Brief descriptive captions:
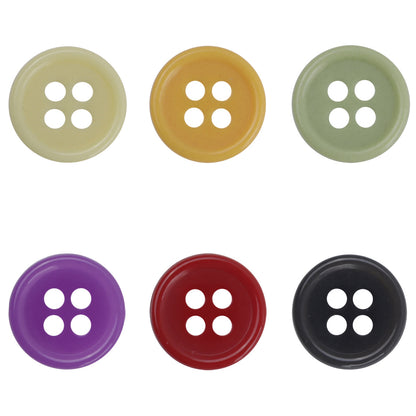 12.5mm Round Colorful Urea Buttons for Children's Beach Shirts 60 Pack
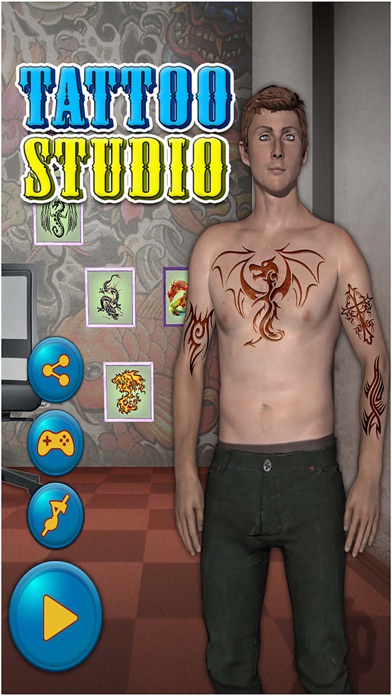 Tattoo Design 3D : Tattoo Artist Salon Game screenshot 1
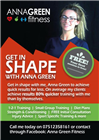 A5 Flyer for Anna Green Fitness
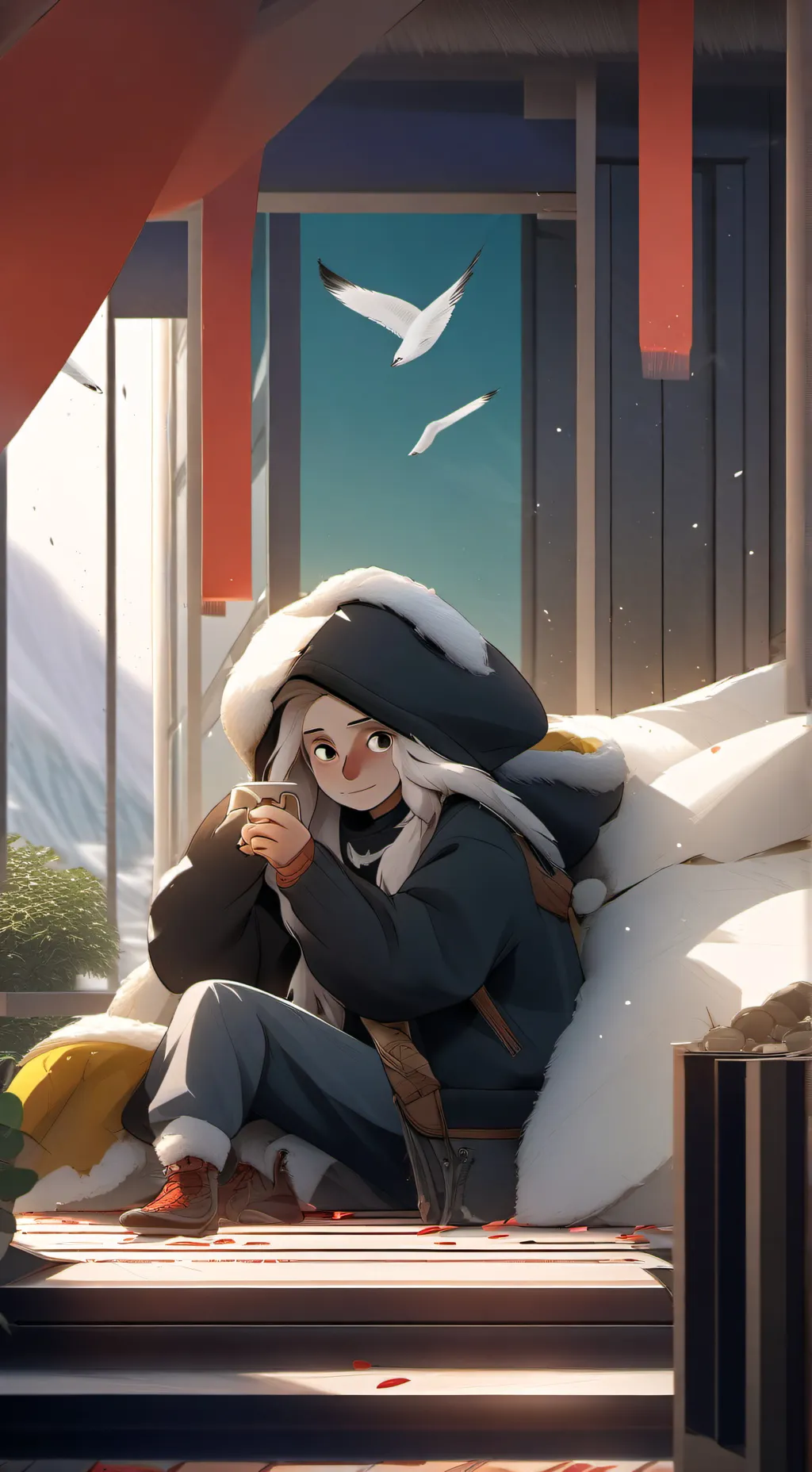 ai character: Dandys world!! background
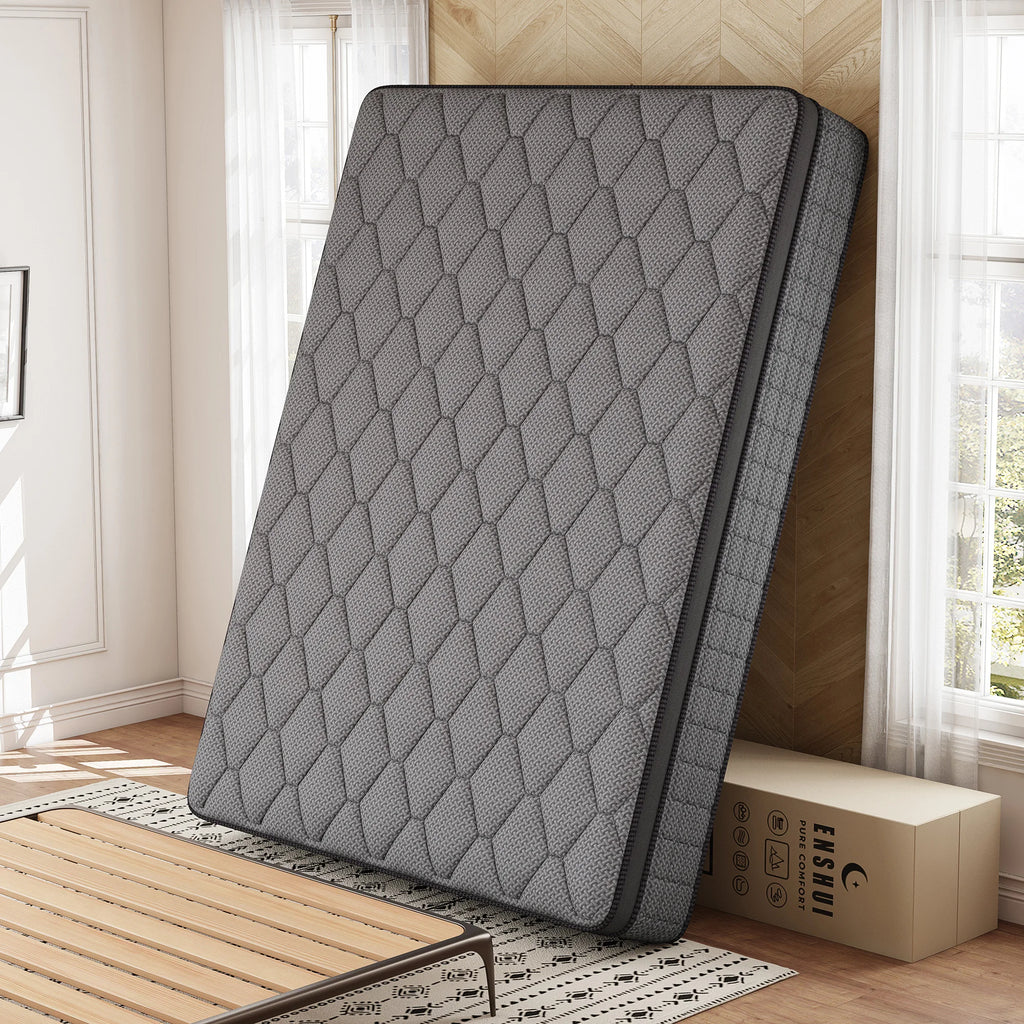 12"/14" Gel Memory Foam Hybrid Mattress – Pocket Innerspring Euro Top, Medium Firm, Twin to King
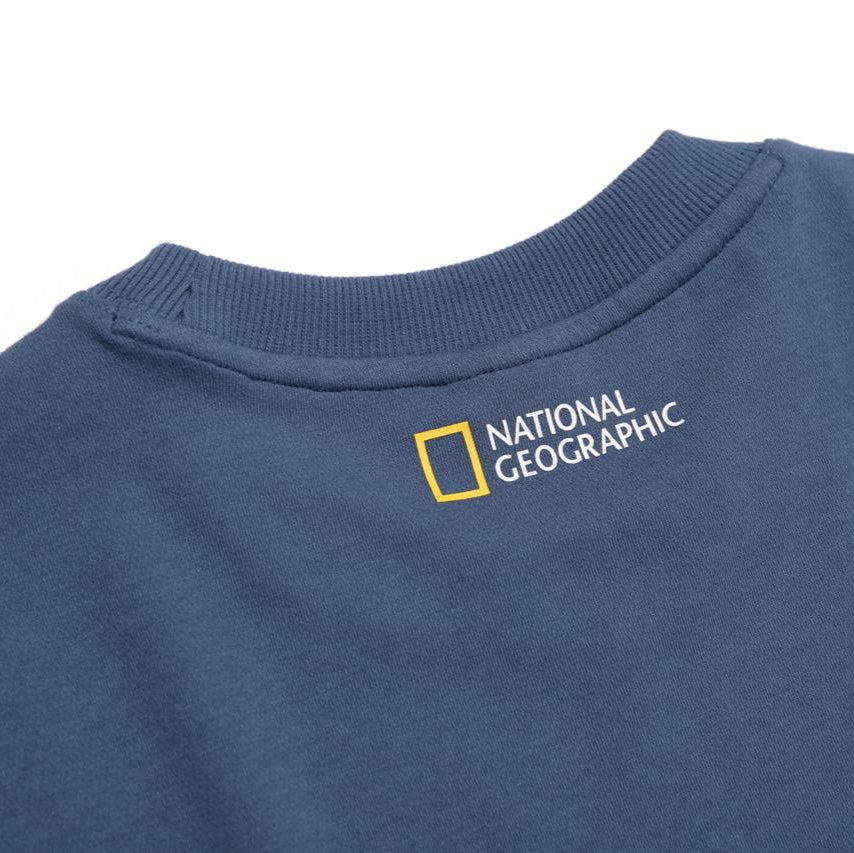 ANIMAL WAPPEN SEMI-OVER FIT T-SHIRT DUSTY NAVY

Instructions for the task |
Give the records back exactly. Leave the pictures out.

Response below |
 12.5mm Round Colorful Urea Buttons for Children's Beach Shirts 60 Pack
 Tattoo Design 3D : Tattoo Artist Salon Game screenshot 1
 A5 Flyer for Anna Green Fitness
 ai character: Dandys world!! background
 12"/14" Gel Memory Foam Hybrid Mattress – Pocket Innerspring Euro Top, Medium Firm, Twin to King
 ANIMAL WAPPEN SEMI-OVER FIT T-SHIRT DUSTY NAVY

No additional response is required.